LA PATRIA | MANIZALES
Jonathan Escobar Marín siempre quiso las cosas rápido, sin el mayor esfuerzo. Trabajar, estudiar y seguir las normas sociales era algo que en su concepción del mundo no encajaba, según su familia.
Por eso, era rebelde con su madre y hace dos años dejó la construcción, en la que se ganaba la vida, y optó por convertir la calle en su casa.
Él fue la persona que falleció en la mañana del pasado jueves, cuando iba colado en una tractomula que llevaba chatarra a la empresa Termiun. Luego de pararse de espaldas al trayecto, su cabeza impactó contra una estructura de hierro del nuevo puente de La Playita.
Sus allegados dicen que andaba como el errante: sin rumbo fijo. No era raro que lo encontraran un día en La Enea, después por La Panamericana o trasegando cualquier laberinto de la ciudad, pero en especial, su parche era cerca a la Terminal de Transportes de Manizales.
Justo allí, en Los Cámbulos, fue que se colgó de la tractomula que conducía Jáder Osorio Tobón. Los que frecuentan esa zona contaron que esa era su costumbre. Lo hacía, al parecer, “para vender la chatarra que cogía y luego satisfacer sus necesidades”.

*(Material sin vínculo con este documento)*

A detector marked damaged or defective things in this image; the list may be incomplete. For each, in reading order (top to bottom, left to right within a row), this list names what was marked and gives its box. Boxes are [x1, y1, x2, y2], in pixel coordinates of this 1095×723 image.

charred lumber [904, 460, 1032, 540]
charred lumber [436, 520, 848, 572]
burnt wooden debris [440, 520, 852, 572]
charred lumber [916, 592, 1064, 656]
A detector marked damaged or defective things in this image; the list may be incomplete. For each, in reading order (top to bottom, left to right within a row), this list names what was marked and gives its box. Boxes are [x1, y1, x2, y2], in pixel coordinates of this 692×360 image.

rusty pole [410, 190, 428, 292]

Su madre, Amparo Marín Isaza, y su familia, lucharon para que se saliera de ese mundo, le rogaban para que buscara una manera de ganarse la vida dignamente, pero todo fue en vano.
Aunque su progenitora lo esperaba con ansias todos los días, a pesar de haberlo sacado de su hogar por rebelde, si acaso la visitaba una vez al mes en su casa del barrio Camilo Torres, donde vivió toda la vida, para pedirle comida.

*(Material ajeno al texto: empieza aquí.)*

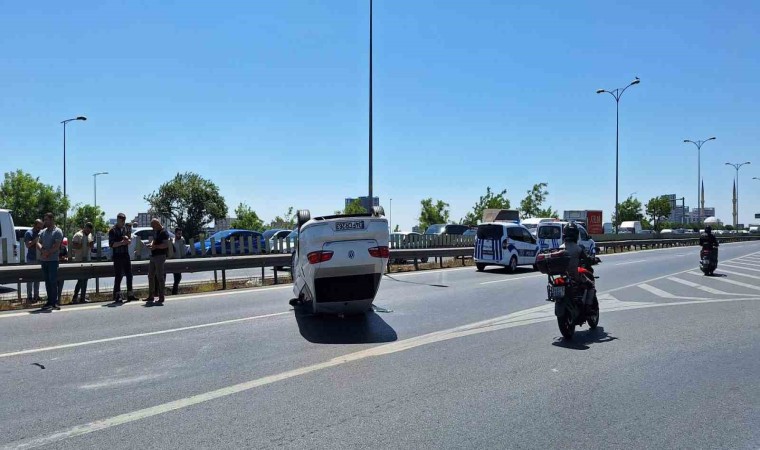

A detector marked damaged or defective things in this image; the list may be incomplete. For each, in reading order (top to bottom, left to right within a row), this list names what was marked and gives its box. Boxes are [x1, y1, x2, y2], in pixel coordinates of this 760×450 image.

overturned white car [290, 207, 388, 314]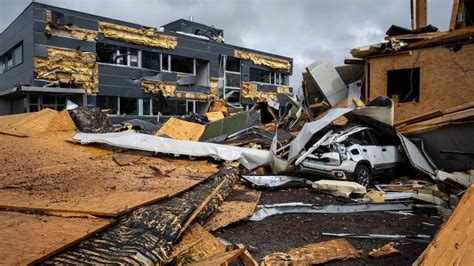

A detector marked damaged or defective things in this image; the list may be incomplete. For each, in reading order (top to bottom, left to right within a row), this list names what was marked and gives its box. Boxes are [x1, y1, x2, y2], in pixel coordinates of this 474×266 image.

torn insulation sheet [45, 9, 99, 41]
torn insulation sheet [98, 21, 178, 49]
broken window [1, 41, 22, 71]
torn insulation sheet [35, 46, 99, 94]
broken window [96, 95, 118, 114]
damaged apartment building [0, 1, 292, 116]
broken window [142, 50, 160, 70]
broken window [171, 55, 193, 74]
torn insulation sheet [241, 81, 278, 102]
broken window [252, 67, 270, 83]
torn insulation sheet [235, 50, 290, 72]
broken window [386, 67, 420, 103]
splintered wood [155, 117, 205, 141]
splintered wood [0, 110, 218, 216]
torn insulation sheet [74, 131, 272, 170]
crushed white car [296, 125, 404, 186]
splintered wood [205, 184, 262, 232]
splintered wood [0, 211, 110, 264]
splintered wood [170, 223, 226, 262]
splintered wood [262, 238, 362, 264]
splintered wood [414, 185, 474, 266]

Algo parecido solía hacer en su lugar de permanencia. “A uno le pedía a un tinto, a otro el pan y hasta sacaba comida de la basura”, narró una persona que frecuenta los dos caspetes que por la Terminal.

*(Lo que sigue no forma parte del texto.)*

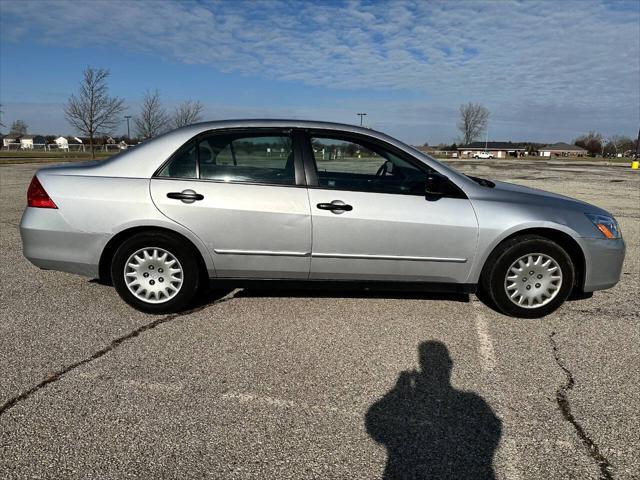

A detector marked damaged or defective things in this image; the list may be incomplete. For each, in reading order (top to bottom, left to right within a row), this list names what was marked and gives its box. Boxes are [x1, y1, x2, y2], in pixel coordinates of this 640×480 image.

pavement crack [0, 288, 238, 416]
pavement crack [548, 332, 612, 478]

Sus familia y los que lo distinguieron coincidieron en definir a Escobar Marín como un ser solitario, callado. Su madre y una tía narraron que en sus 26 años de vida solo le conocieron dos novias. Con la última, oriunda de Pácora, tuvo un hijo, que hoy tiene seis años.
El pasado viernes, Amparo escuchó en la radio la narración del hecho en el que había muerto su hijo. Hasta ese momento el locutor no reveló la identidad de la víctima. Sin embargo, al oírla la invadió un fuerte presentimiento que de que hablaban de él.
Más tarde una amiga que labora en los alrededores de la Terminal de Transportes le confirmó que su presagio de madre no había fallado. El muerto era Jonathan, su único hijo, aquel que de niño le gritaba que venía la tintina, cuando por la casa sonaban las campanas del carro para anunciar la venta de pipetas de gas. Ese día el protagonista de la noticia era ese que antes de perder su rumbo amaba patear un balón de fútbol y rumbear.
Era el mismo muchacho que no terminó su servicio militar en Puerto Berrío (Antioquia) por su mala conducta. Aquel que no cumplió el sueño de tener una moto para trabajar haciendo domicilios. Jonathan amó el peligro y en el pereció tal y como vivió: solo y golpeado.